Since then, Stacey, Anthony and their family and even Bi-County Services [the agency which manages their case] have been trying to get the contract canceled.

We called the company that sold them the equipment, Rain Tech in Auburn. We were told that Stacey had confirmed that she wanted the vacuum cleaner and it was her mother-in-law who wanted to cancel the deal. Besides, the deal was out of the company’s hands now. It was now in the hands of a finance company in Minnesota. If Rain Tech were to take the vacuum cleaner back and cancel the contract, it would cost them $1,000 in finance charges.

Stacey Quinones, though, tells a somewhat different story. She says she felt pressured to sign the contract to buy the vacuum cleaner. That was on a Saturday. Two days later, she said, she called a telephone number she was given and said she didn’t want the vacuum cleaner.

“But they said it had already been shipped,” that it was too late, Stacey Quinones says. “We’ve been trying to stop it ever since.”

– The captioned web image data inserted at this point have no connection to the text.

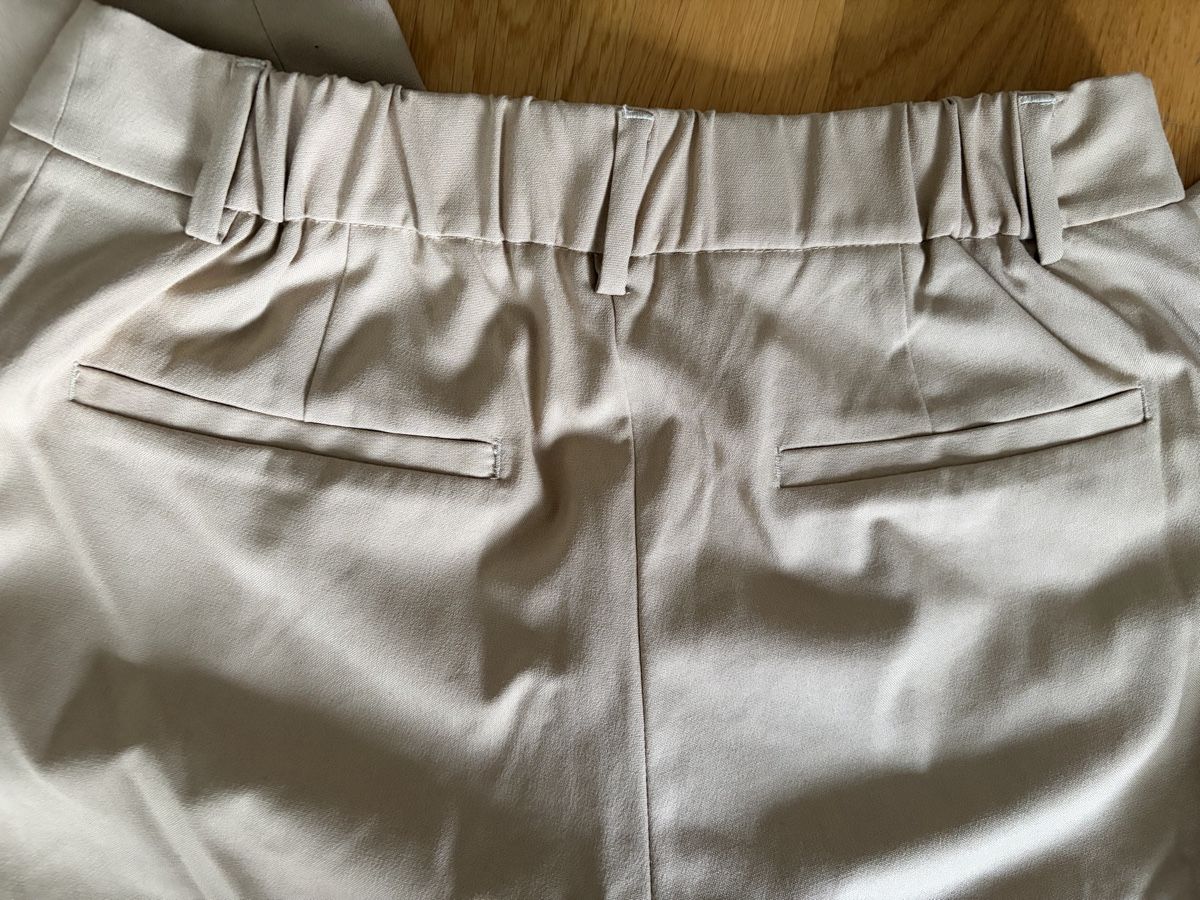 Opus Pantaloni: Stoffhose beige Grösse 38 – Usato da Zürich venduto da krisiquak12 3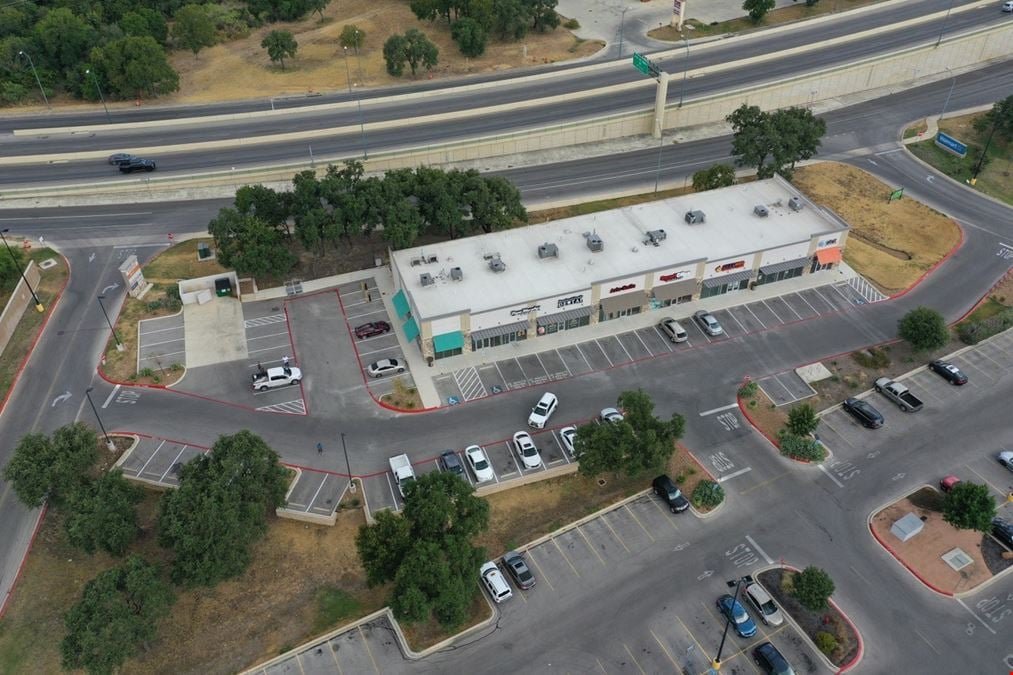 Parkway Oaks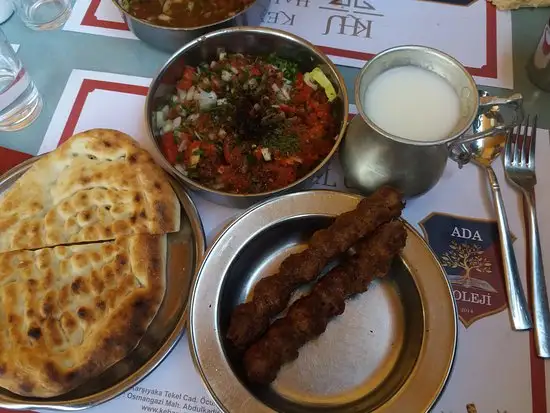 Kebapçı Halil Usta'nin yemek ve ambiyans fotoğrafları 26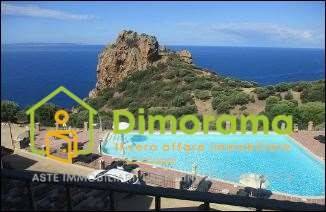 appartamento in vendita ad Iglesias in zona Nebida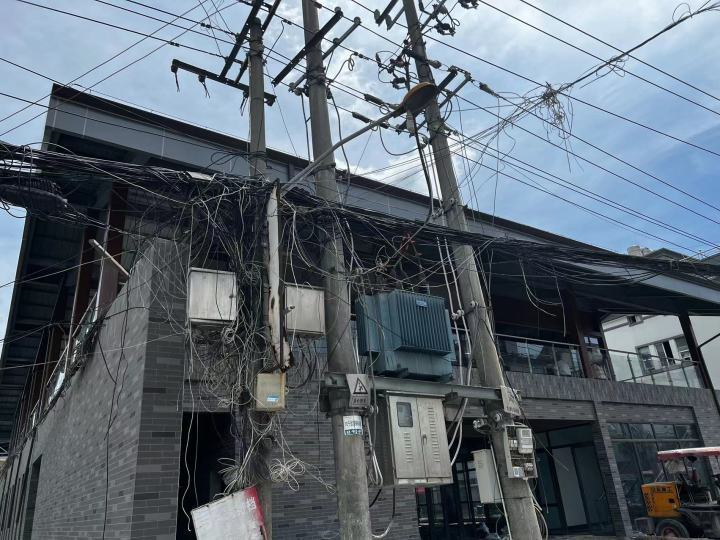 "作为笕桥最后的也是最大的城中村,在区,街道的统筹和大力支持下,2021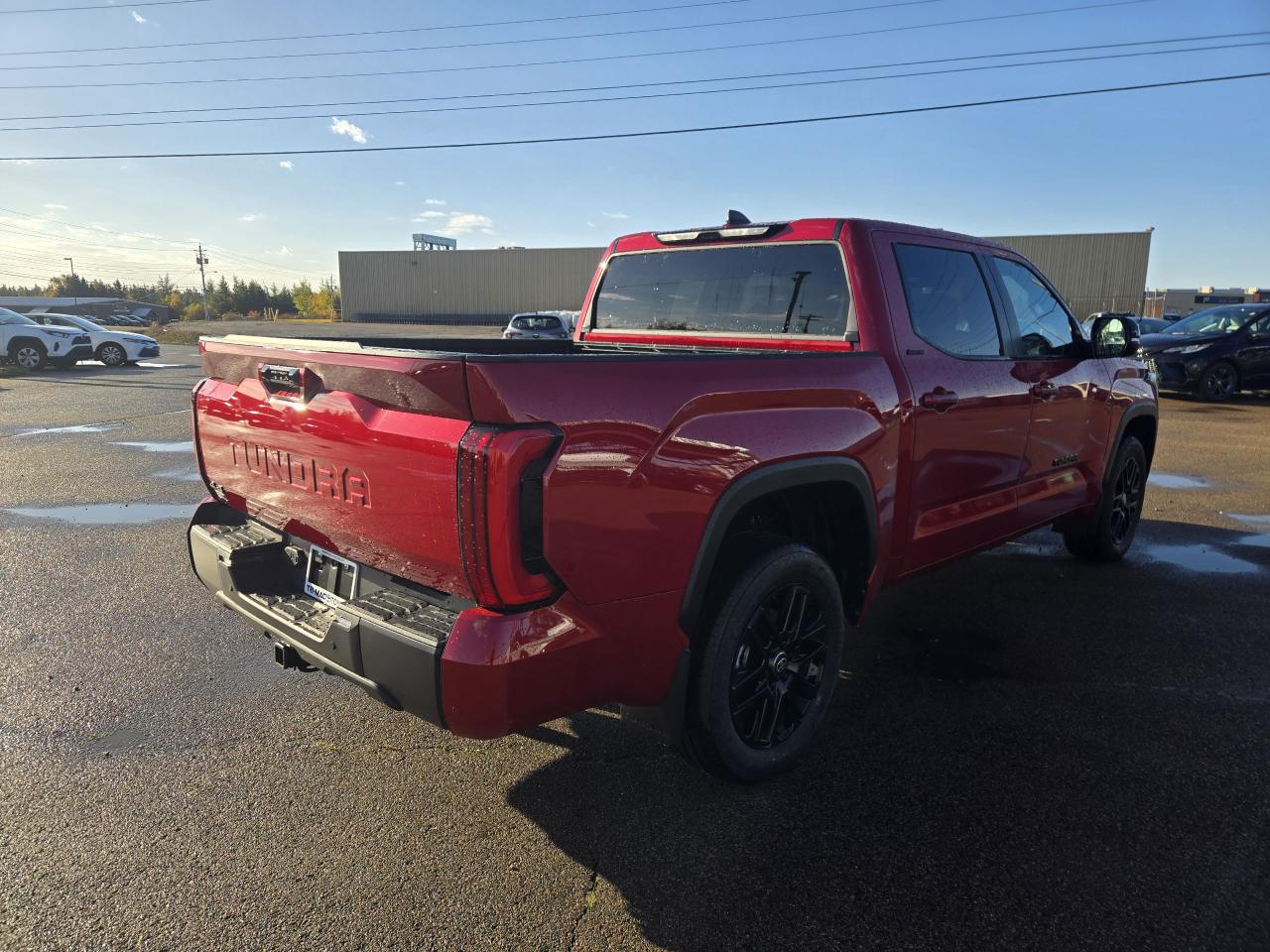2026 Toyota Tundra LIMITED NIGHTSHADE - PREMIUM P Photo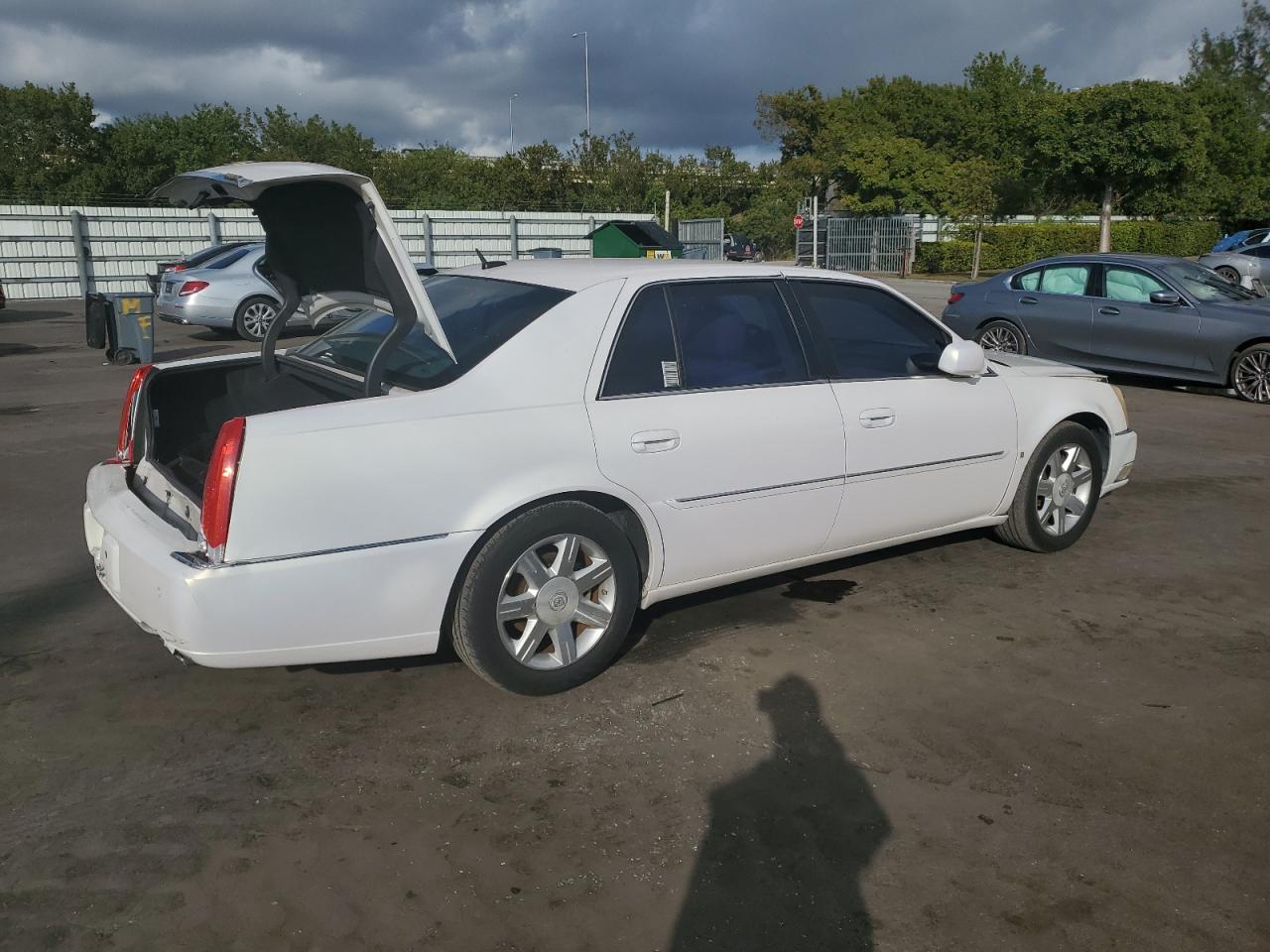 Lot #3049568685 2006 CADILLAC DTS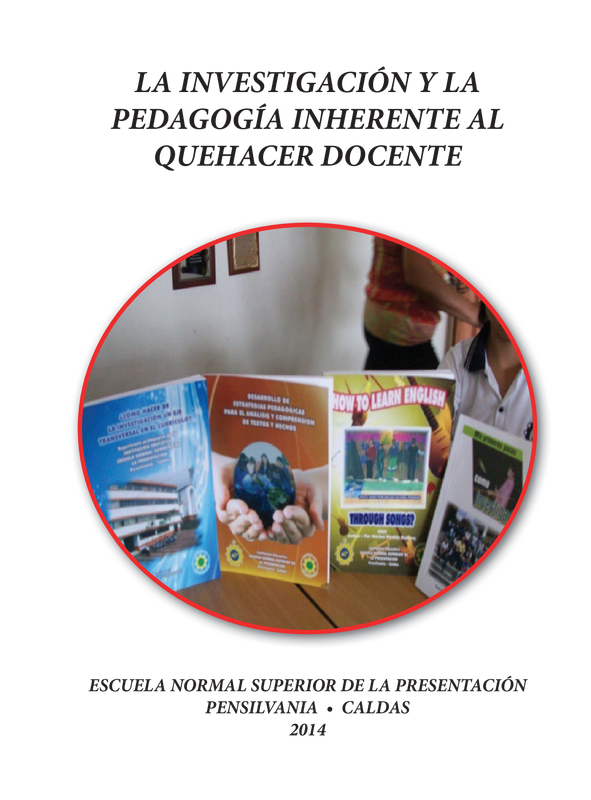 La Investigación y La Pedagogía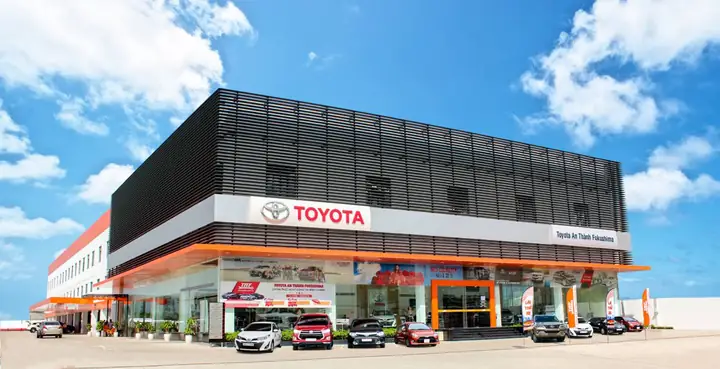 Đại Lý Toyota: Đối Tác Tin Cậy Cho Mọi Gia Đình Việt Đại Lý Toyota: Đối Tác Tin Cậy Cho Mọi Gia Đình Việt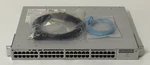 Cisco Catalyst C9200-48P-E Switch Port Gigabit Poe Network Essentials Used. Price: $699.00.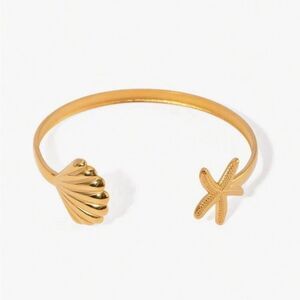 Shell bracelet M732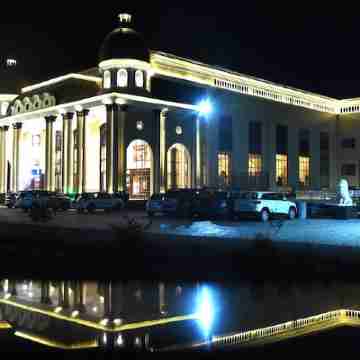 The Gulmohar Grand Hotel Hotel Exterior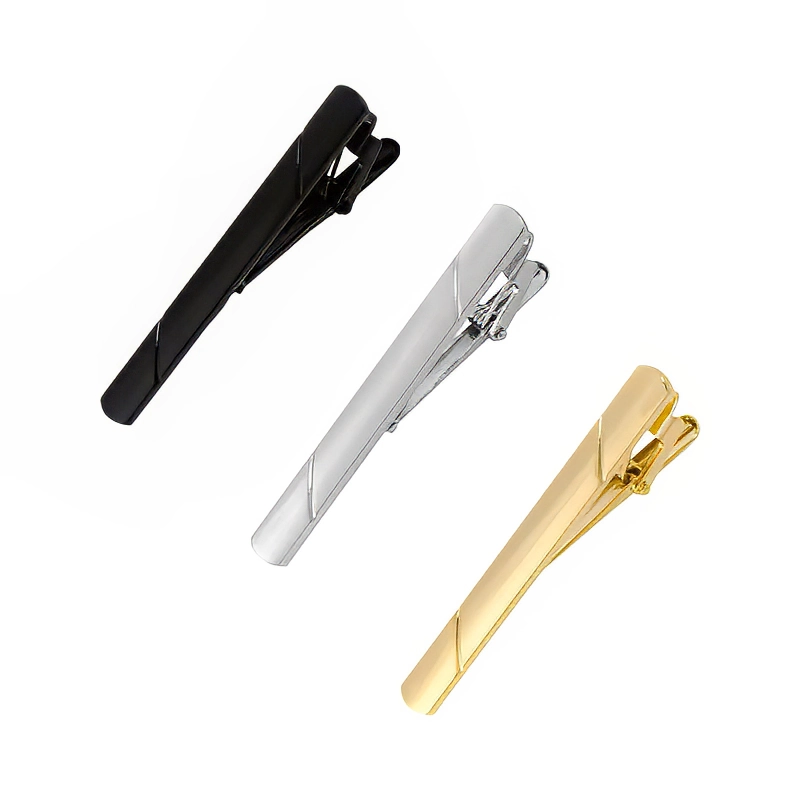 Minimalist Tie Bars for Corporate Gifts
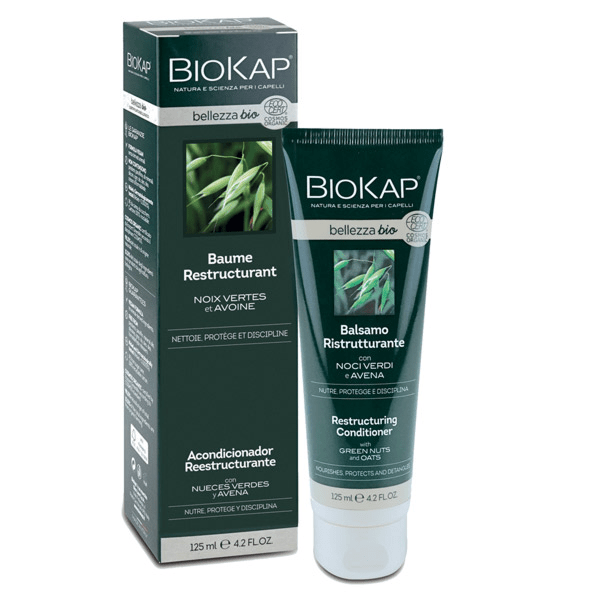 Baume Restructurant Bio 125ml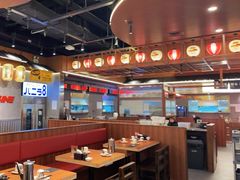 大堂-小川洋风料理(大悦城店)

Nannie Quinones did call the Rainbow distributor and say her son and daughter-in-law didn’t want the vacuum and couldn’t afford it. She says she was told no, don’t send the contract back. She wrote cancel on it anyway and mailed it back to the company. People have three business days to cancel contracts signed in their homes, but the canceled contract wasn’t postmarked until 2 a.m. on Oct. 18, two hours too late.

….

The couple’s program manager has also weighed in. The manager says she discussed the contract with Anthony and Stacey. She says they didn’t understand the contract, they didn’t understand that they were paying 21.99 percent annual interest, that they didn’t understand the contract was for more than $3,000, and that they didn’t understand it was for 48 months.

Anyone who would have spent five minutes in the couple’s home would have recognized they have issues, she said. She has written the finance company, arguing that the couple didn’t understand the entire transaction. But to no avail.

The family is now appealing to the Indiana attorney general’s consumer protection division, trying to find a solution.

Officials with Adult Protective Services in Allen County said the best route for the couple to take is to simply ship the vacuum back to the company. But they can’t do that because whoever delivered the vacuum took the box.

Nice work Rainbow.  Lets see here, you wanted to make a buck.  Fine, free country…your allowed to make money.  But now you have a complaint to the Attorney General’s Office, Really bad press, Adult Protective Services involved, and this Blog picking up the story for more bad press.  Hope whatever money you made was worth it.  Forget about all the possible legal and ethical issues, don’t you think the smart, let alone the right, thing to do would be to just give these people their money back.  Now your going to be known as the company who takes advantage of people with developmental disablities.  Bet your marketing department will love putting that on your business cards!